The plaintiffs claim that Congress meant to reserve the tax credits for people living in states that built their own exchanges — a feat that only 14 have attempted. By their logic, Congress conceived the consumer subsidies as a weapon to punish states for letting the federal government run their insurance exchanges. The IRS is thus violating the law by extending the tax credit to all Americans living between one and four times the poverty level.

In January, D.C. District Court Judge Paul L. Friedman demolished that argument, writing that Congress “clearly intended to make premium tax credits available on both state-run and federally-facilitated exchanges.” The disputed phrase might suggest otherwise if ripped from its context, he conceded, but the Affordable Care Act says nothing about reserving affordable health care for certain states. Its history, structure and language show that the tax credit — and the option of a federally facilitated insurance exchange — were intended simply to expand participation.

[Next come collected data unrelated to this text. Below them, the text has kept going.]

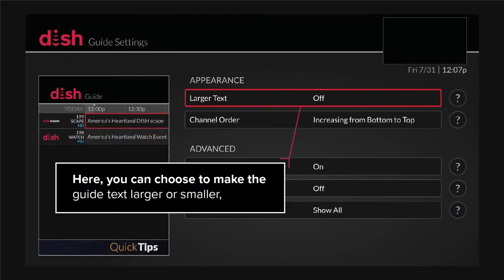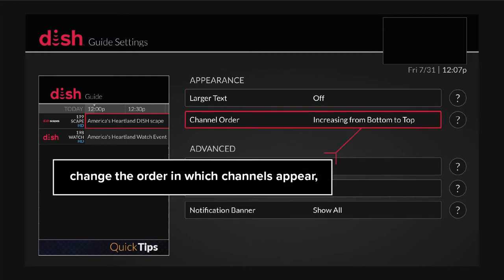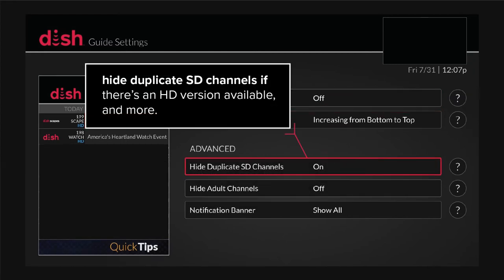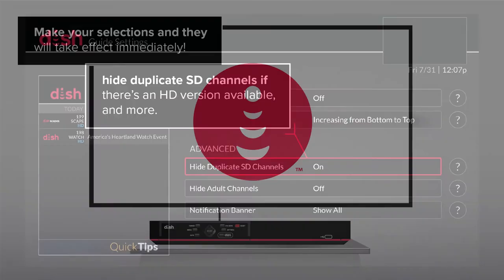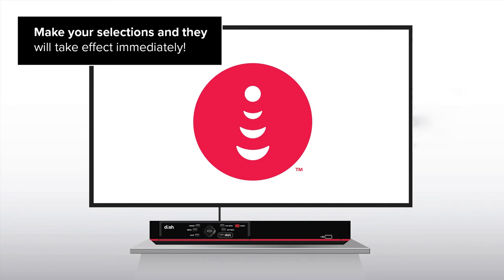Here you can choose to make the guide text larger or smaller, change the order in which channels appear, hide duplicate SD channels if there is an HD version available, and more. Make your selections and they will take effect immediately.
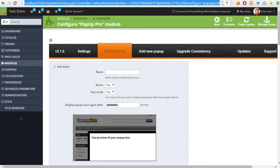Hello everyone, today I want to show you a new feature in the pop-up module by mypresta.eu.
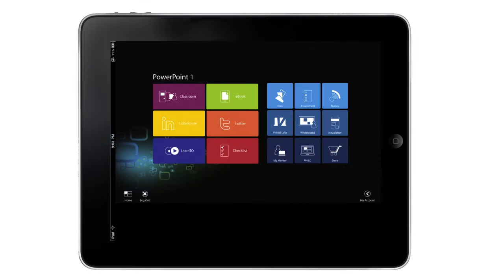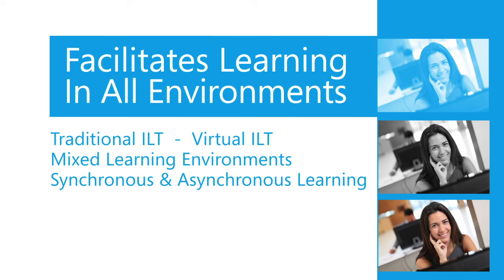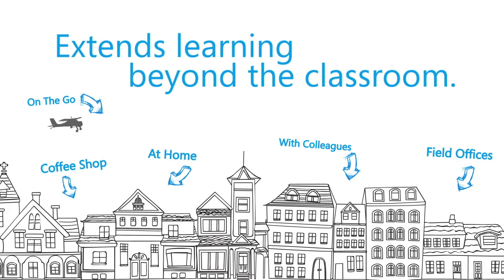The tiled, flexible, and user-friendly interface works across all technology platforms, facilitates learning in all environments, and takes learning from the classroom and extends it beyond, enabling students to learn the way they know best.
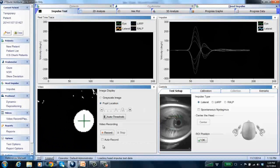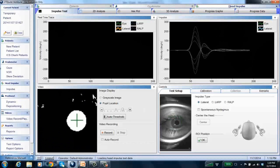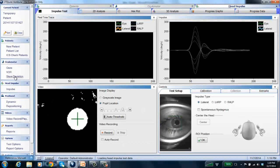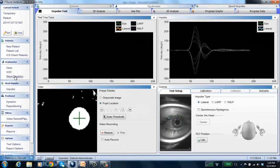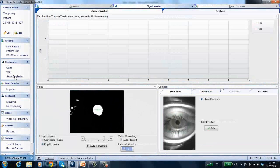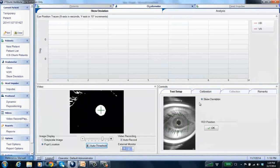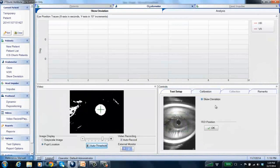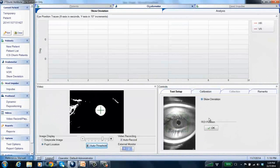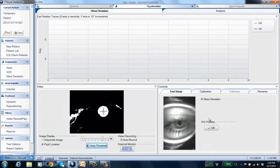So if you want to do a skew deviation test, you need to come over to the navigation panel on the left and choose skew deviation. As you can see, there's only one option for skew deviation and there's no drop-down, so everything's ready for your test to begin.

The case, known as Halbig v. Sebelius, is now before the D.C. Circuit Court of Appeals, where a three-judge could still reverse Friedman’s ruling. And as University of Chicago health policy analyst Harold Pollack shows in a recent blog post, the exchanges would quickly collapse if that happened. The 87% of exchange participants now receiving federal financial assistance would lose it, making even the lowest level of marketplace coverage unaffordable. That would effectively nullify the individual mandate (the government can’t require people to buy coverage beyond their means) — and the loss of enrollees would push individual insurance rates into the stratosphere.

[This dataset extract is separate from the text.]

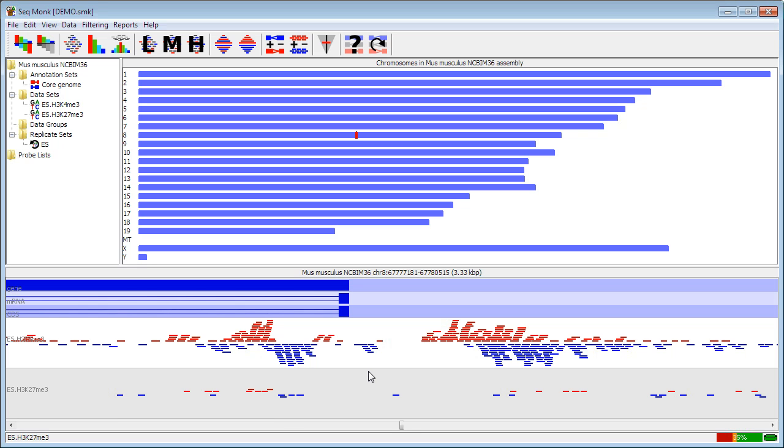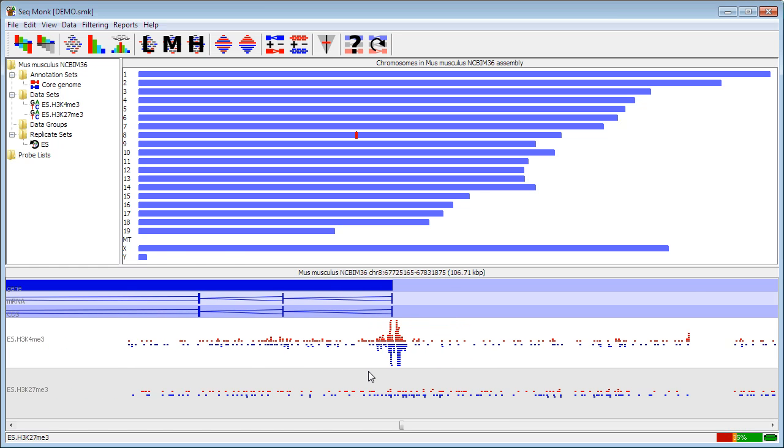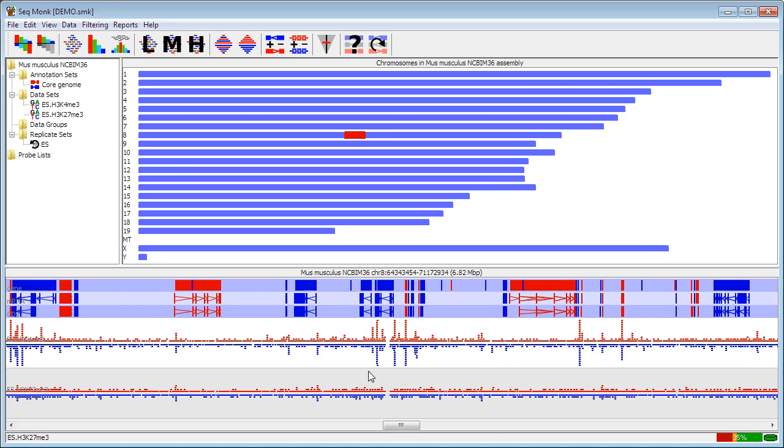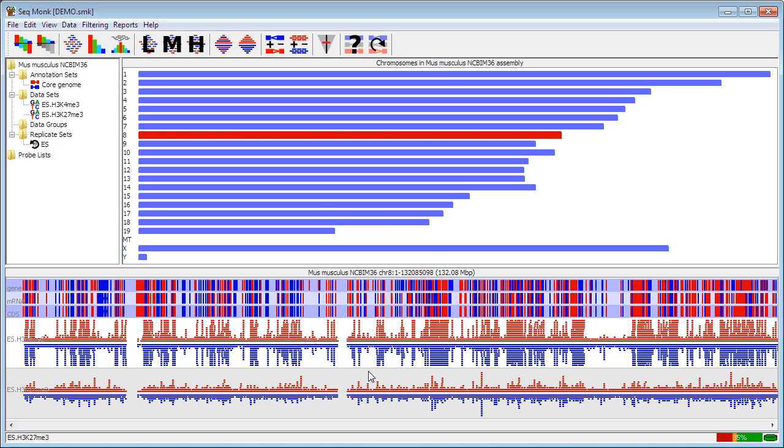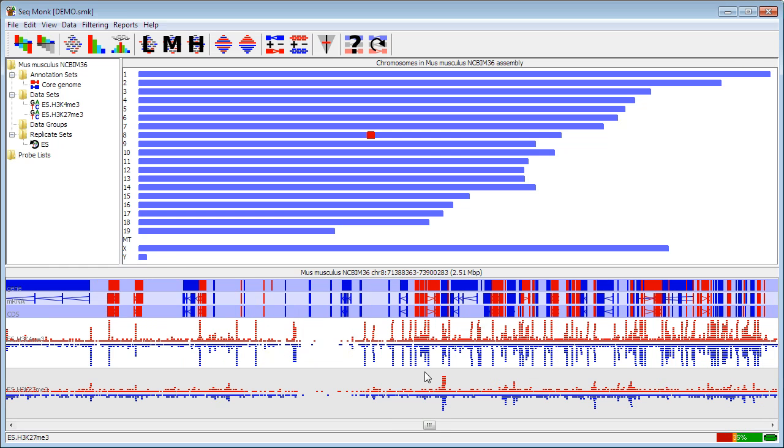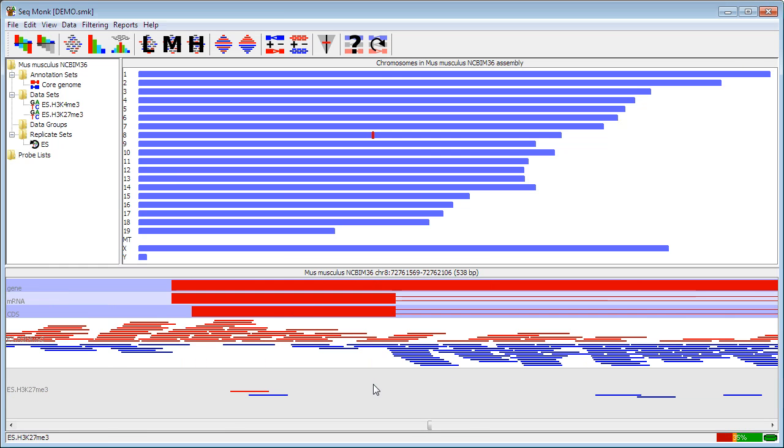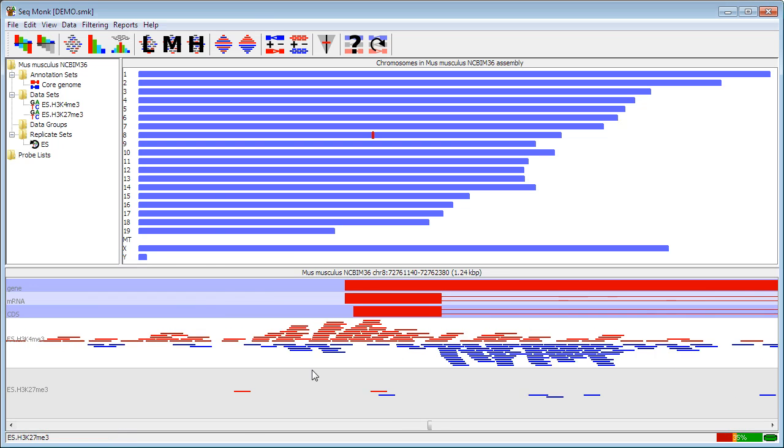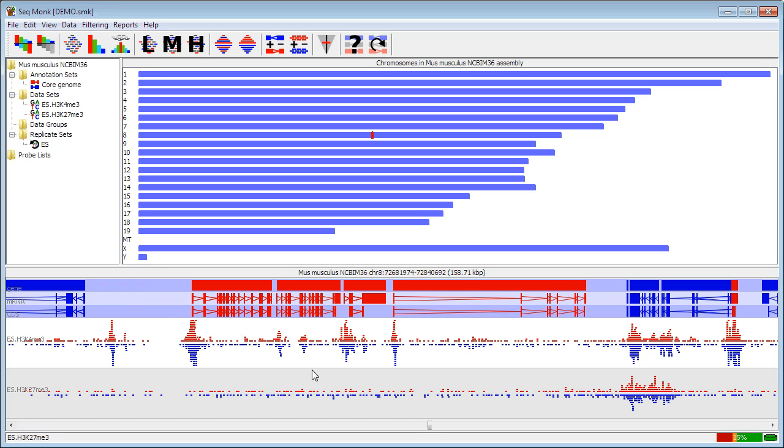To move back out you press the right mouse button or you do an apple and click if you're on a Mac and then you can zoom out. And by doing this it's very quick to step from viewing an entire chromosome to going in to looking at individual bases of individual reads. So fairly flexible system for moving in and out of your data.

“I trust that no court would be reckless enough to wreak such havoc on such a flimsy basis,” Pollack writes. “Yet ... you never know what might happen within a judicial system that is, itself, conspicuously polarized on ideological lines.”

The D.C. Circuit Court’s conspicuously polarized judges heard oral arguments in Halbig v. Sebelius last week. A ruling is expected later this spring. The Virginia case, King v. Sebelius, is now before the Fourth Circuit appeals court, where oral arguments are scheduled for May 31. If either court goes nuclear, only Congress or the Supreme Court will be able to salvage the health care law.

Strengthen public awareness

It’s not just a do-gooder’s dream. Besides fulfilling a fundamental human right, every surge in enrollment gives the Affordable Care Act a layer of political armor. Some 7.1 million Americans — including 2.4 million who were previously uninsured — now have affordable coverage through the exchanges. The expansion of Medicaid is protecting millions more from bankruptcy and preventable illness. The Congressional Budget Office projects that 24 million people will be insured through the exchanges alone by 2017, and that the number of uninsured Americans will decline by a third — from 45 million to 30 million. Politically, taking that coverage away would be a fool’s errand.

But the surges won’t happen spontaneously. Only 37% of Americans viewed the health care law favorably in the Kaiser Family Foundation’s March tracking poll. A third of the uninsured still hadn’t heard that coverage is now mandatory for most people, and 61% didn’t know that this year’s enrollment period would end on March 31. To fulfill the law’s promise, and strengthen it politically, the Obama administration must improve that record.

In a report released Tuesday, the advocacy group Families USA lays out 10 shrewd strategies for strengthening outreach and enrollment. They include hiring more navigators, retooling to accept applications in languages other than English and Spanish, using SNAP (food stamp) records to streamline Medicaid enrollment, and timing the annual enrollment period to coincide with the tax-filing season, when consumers are most likely to review their own risks and opportunities.

“There are still tens of millions of Americans without health coverage,” Families USA director Ron Pollack said during a Tuesday press briefing on the new report. “If we build on the success of the first enrollment period, we can sustain its momentum.”